### Exercise aim
Find the "MLAX vs Babson" line in the records below and repeat it and every later line exactly, up to the last; do not include pictures.

——————

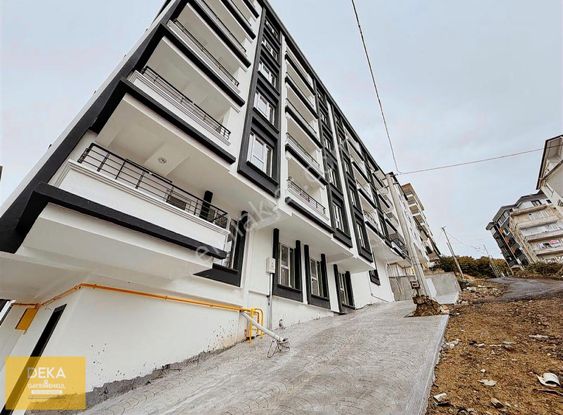 Deka Gayrimenkul'den İncesu'da Ana Yola Yakın 1+1 Satılık Daire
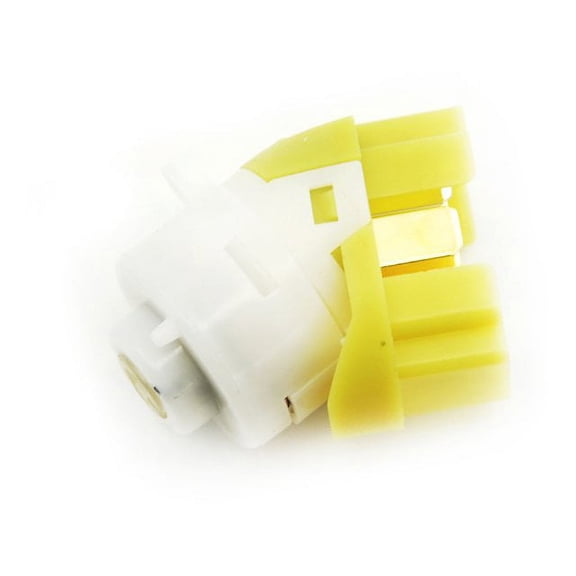 Ignition Switch - Compatible with 1993, 1995, 1997, 1999 - 2003 Volkswagen EuroVan 2000 2001 2002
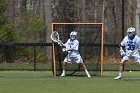 MLAX vs Babson  Wheaton College Men's Lacrosse vs Babson College. - Photo by Keith Nordstrom : Wheaton, Lacrosse, LAX, Babson, MLax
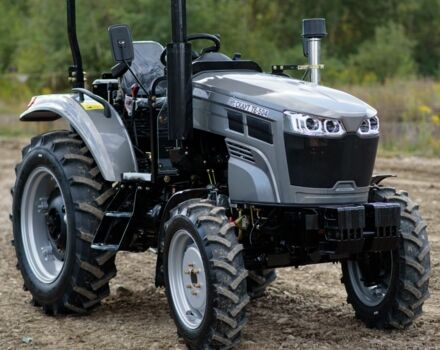 Lovol Другая, объемом двигателя 3.17 л и пробегом 1 тыс. км за 9400 $, фото 1 на Automoto.ua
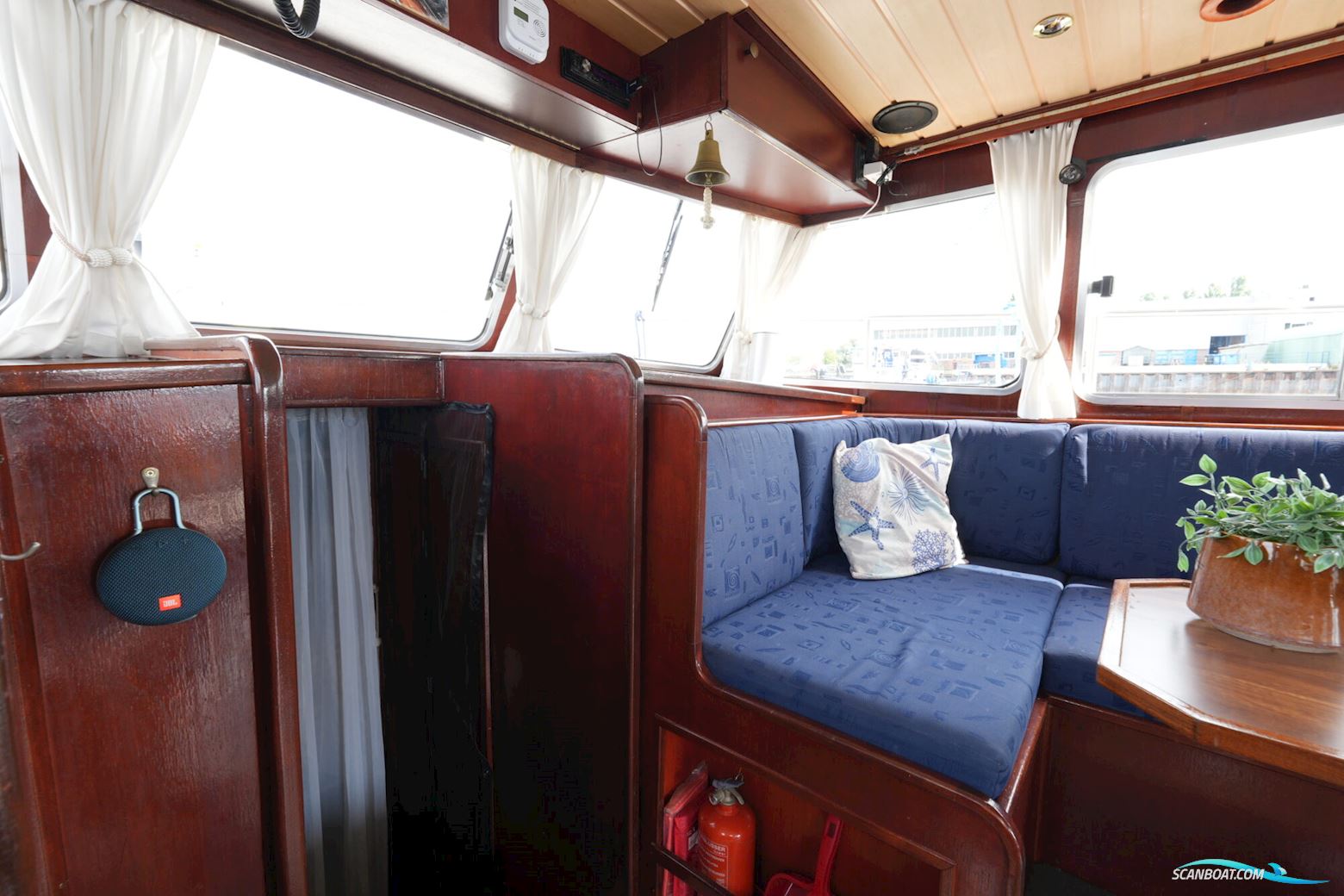 Barkas 11.00 OK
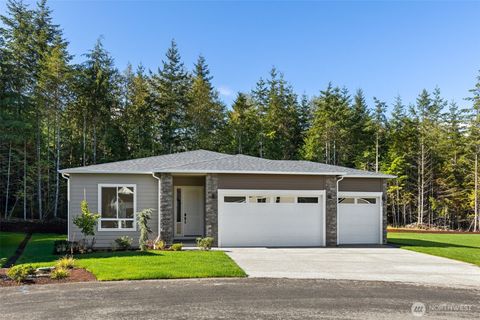 80 McCartney Peak Lane 69 Port Ludlow WA 98365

——————

### Task output
 MLAX vs Babson  Wheaton College Men's Lacrosse vs Babson College. - Photo by Keith Nordstrom : Wheaton, Lacrosse, LAX, Babson, MLax
 Lovol Другая, объемом двигателя 3.17 л и пробегом 1 тыс. км за 9400 $, фото 1 на Automoto.ua
 Barkas 11.00 OK
 80 McCartney Peak Lane 69 Port Ludlow WA 98365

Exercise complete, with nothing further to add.